How to Create a DVD with DVD Flick in 10 Minutes

How to Create a DVD with DVD Flick in 10 MinutesCreating a playable DVD quickly can be handy when you need a physical copy for a presentation, gift, archive, or to play on older DVD players. DVD Flick is a free, lightweight Windows application that simplifies the process of turning video files into a standard DVD. This guide walks you step-by-step through creating a DVD with DVD Flick in about 10 minutes. Times below are estimates and assume you already have your video files ready and a functioning Windows PC with a DVD burner.


What you’ll need (quick checklist)

  • A Windows PC with a DVD burner
  • Blank DVD-R or DVD+R disc (4.7 GB single-layer for most projects)
  • DVD Flick installed (download and install DVD Flick)
  • Optional: ImgBurn installed (DVD Flick uses ImgBurn to burn discs; DVD Flick can install it or you can install separately)
  • Video files in common formats (MP4, AVI, MKV, WMV, etc.)

Step 1 — Prepare your files (1–2 minutes)

  1. Gather the video files you want on the DVD and put them in a single folder for convenience.
  2. If files are very large or in an uncommon format, consider quickly checking one plays in a media player. DVD Flick supports many formats; transcoding will occur during DVD creation.

Step 2 — Launch DVD Flick and create a new project (30 seconds)

  1. Open DVD Flick.
  2. Click “Project settings” and set:
    • Target size: DVD (4.3 GB) or custom if using dual-layer.
    • Encoding profile: choose “Fast” or “Normal” depending on speed vs. quality. For a quick build, select Fast.
    • Aspect ratio: set to Auto or select 4:3 / 16:9 based on your source.
  3. Click OK.

Step 3 — Add your videos (1 minute)

  1. Click “Add title” and browse to the folder containing your videos.
  2. Select one or multiple files — they’ll appear in the Titles list.
  3. Optionally reorder titles by selecting and using the up/down buttons. Each title corresponds to a DVD chapter or track.

Step 4 — Add a simple menu (1 minute)

  1. Click the “Menu settings” tab.
  2. Choose a template from the built-in menu themes. For a 10-minute workflow, pick a simple template (less rendering time).
  3. Give the menu a title if desired. You can skip advanced customization to save time.

Step 5 — Configure audio/subtitles (optional, 30 seconds)

  1. Select a title and click “Edit title.”
  2. Under Audio tracks, confirm or add the audio stream you want.
  3. Under Subtitles, add .srt files if needed.
  4. Click OK.

Step 6 — Create the DVD project files (2–4 minutes depending on length and settings)

  1. Click “Create DVD.”
  2. Choose a temporary folder for the project files. DVD Flick will start encoding: it converts your videos into the MPEG-2 format used on DVDs and builds the VIDEO_TS structure.
  3. Encoding time depends on:
    • Total video length (shorter = faster)
    • Encoding profile (Fast vs. Normal)
    • Your CPU speed
      For a short video or a fast profile, initial encoding may complete within a few minutes.

Step 7 — Burn to disc using ImgBurn (1–3 minutes)

  1. After DVD Flick finishes creating the VIDEO_TS files, it launches ImgBurn automatically (if installed).
  2. In ImgBurn:
    • Insert a blank DVD into your burner.
    • Confirm the source (the VIDEO_TS folder) and destination (your DVD drive).
    • Click the burn button.
  3. Burning a single-layer DVD usually takes 3–10 minutes depending on burn speed and drive.

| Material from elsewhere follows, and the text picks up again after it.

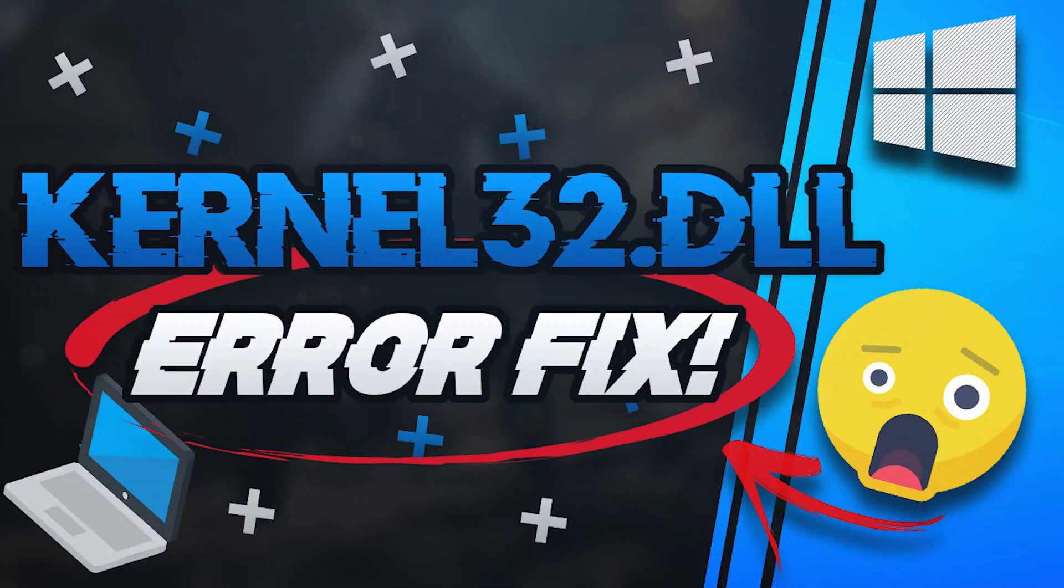This is a step-by-step guide to troubleshoot the Kernel32.dll Dynamic Link Library error on Windows 11 and Windows 10.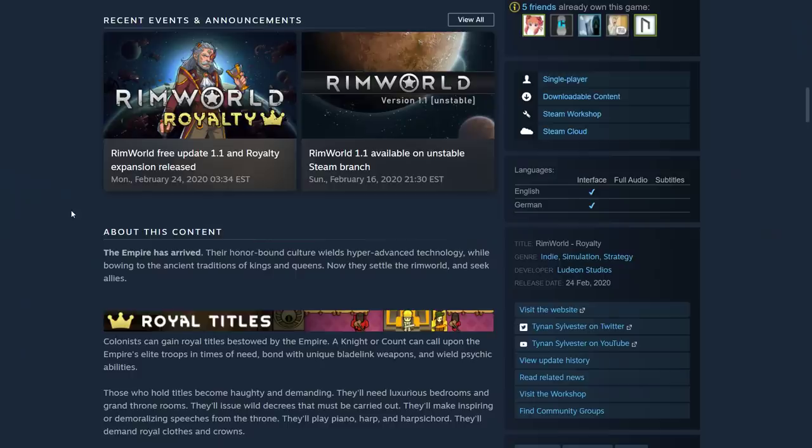Folks, thanks for watching. And hopefully we'll actually get some real RimWorld content soon. See you later. Bye-bye.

Quick troubleshooting tips

  • If DVD Flick can’t find ImgBurn: download and install ImgBurn, then re-run the burn step.
  • If the disc doesn’t play on your player: check region compatibility, try a different blank disc brand (Verbatim often works well), or reduce burn speed in ImgBurn.
  • If encoding fails: ensure source files aren’t corrupted and you have enough free disk space in the temporary folder.

Expected total time

  • Short video (under 10–15 minutes) using Fast profile: ~10 minutes (preparation + encode + burn).
  • Longer videos or Normal profile: 15–60+ minutes depending on length and CPU.

Tips to speed the process

  • Use the “Fast” encoding profile.
  • Use short source videos or split long files.
  • Close other CPU-heavy applications while encoding.
  • Use a fast CPU and an internal DVD burner rather than USB external drives.

Creating a DVD with DVD Flick is straightforward: add titles, pick a menu, create project files, and burn. With a short source and the Fast profile, you can often have a playable DVD in about 10 minutes.